Friday 20 September 2019

Sophie Toscan du Plantier was killed with 'extreme violence' - Paris murder trial hears

Sophie Toscan du Plantier. Photo: Family Handout/PA Wire
Sophie Toscan du Plantier. Photo: Family Handout/PA Wire
Journalist Ian Bailey is on trial in Paris ‘in absentia’ accused of the murder of filmmaker Sophie Toscan du Plantier. Photo: Niall Carson/PA Wire

Sarah Collins

Sophie Toscan du Plantier suffered multiple fractures, lacerations and was killed with “extreme violence”, a Paris court heard today.

The accused, 62-year-old journalist and poet Ian Bailey, is being tried in absentia after Ireland refused successive extradition requests from the French authorities. He has repeatedly denied the charges.

Expert medical witness Marc Taccoen said the 39-year-old mother-of-one suffered fractures to her skull, defensive fractures to her hands and multiple lacerations to her brain and body, after she was hit repeatedly with a “heavy object”. He said that “considerable force” was used to wield the object, which could be either a breeze block or a large flat stone, both of which were found near her body.

Mr Taccoen was part of the French team that re-examined evidence from the 1996 murder following Ms du Plantier’s exhumation in 2008.

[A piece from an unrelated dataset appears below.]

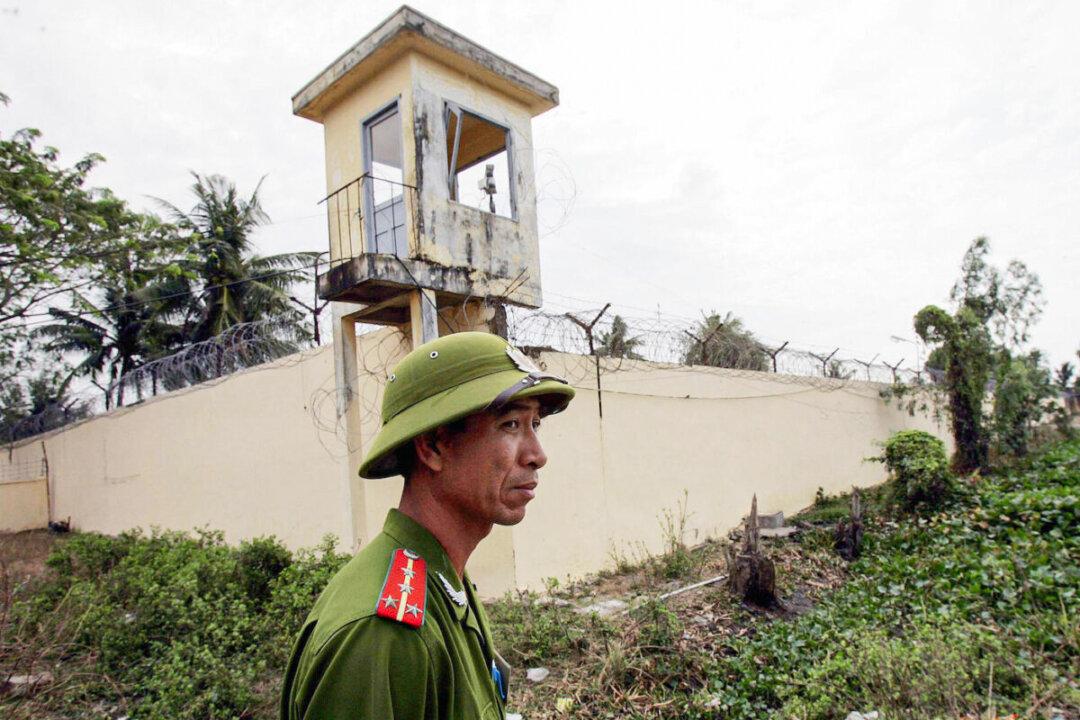 Vietnamese Journalist Jailed for 6 Years for Spreading ‘Anti-State’ Content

Investigators believe she died while trying to flee an attacker who called to her remote holiday home in west Cork on the night of 22-23 December 1996.

She lay undiscovered for several hours, Mr Taccoen said, and her body remained at the scene of the crime for at least 24 hours after discovery - covered with plastic sheeting - until the state pathologist could attend.

The second day of the French trial into the death of Sophie Toscan du Plantier did not add any new DNA evidence to the findings of the then-state pathologist John Harbison.

After a decade-long search, investigators are still unable to determine her specific time of death and have failed to find any physical evidence linking Ian Bailey to the  crime scene.

The 1997 evidence of two Gardaí, Bart O’Leary and Kevin Kelleher, was read out the court on Tuesday. The men said they remember seeing Mr Bailey looking pale, his hair messy and his hands covered in scratches in the days following the attack.

Mr Bailey says he got the injuries - including a “deep” head wound noted by Mr O’Leary - from cutting down a tree and killing a turkey for Christmas. 

The Gardaí also said there were conflicting stories of the night of the murder given by Mr Bailey and his partner Jules Thomas, who lived just a few kilometres from Ms du Plantier’s home in Schull, Co Cork.

Mr Bailey denies ever having met or known Ms du Plantier, but has said that he remembers seeing her.

Her best friend, Agnès Thomas, later recalled Ms du Plantier telling her about a man who wrote poetry and who had asked to meet her to collaborate on a project together.

“She thought he was strange,” Ms Thomas told the court. “She was wary of him. If she ever met him, it would have been professional,” she said, adding that Ms du Plantier was working on a documentary at the time of her death. However, she did not recall being told the man’s name.

Family and friends told the court how they only found out about the murder via the media. Even her late husband, Daniel Toscan du Plantier, saw the news on television while visiting a friend in the French countryside.

“Daniel and I spent the day together and saw on TV that a French woman had been killed in Ireland. We didn’t believe it was Sophie,” said Jacob Gilbert, a friend of Mr du Plantier’s.

Mr Gilbert described Ms du Plantier as elegant, chaste and a natural beauty, but said she was very deep and reserved, and often needed time alone to recharge.

That’s what brought her to Schull just before Christmas in 1996, where she told friends she was going to read and relax.

She had just come out of a “complicated crisis” in her marriage, her friend Agnès Thomas said, but had planned to rejoin her husband, son and parents on Christmas Eve or Christmas Day.

Ms Thomas described her friend as vibrant, generous and passionate about her work as a film producer. She was also fearless and very protective, a characteristic Ms Thomas believes may have led her to answer the door to her attacker on that December night.

“Sophie took care of other people,” Ms Thomas said. “If someone needed help and knocked on her door during the night, she [was the kind of person who] would open the door.”

The case is still ongoing at the criminal court in Paris. The panel of three judges (a jury trial is not possible under French law, due to Mr Bailey’s absence) is expected to return a verdict on Friday.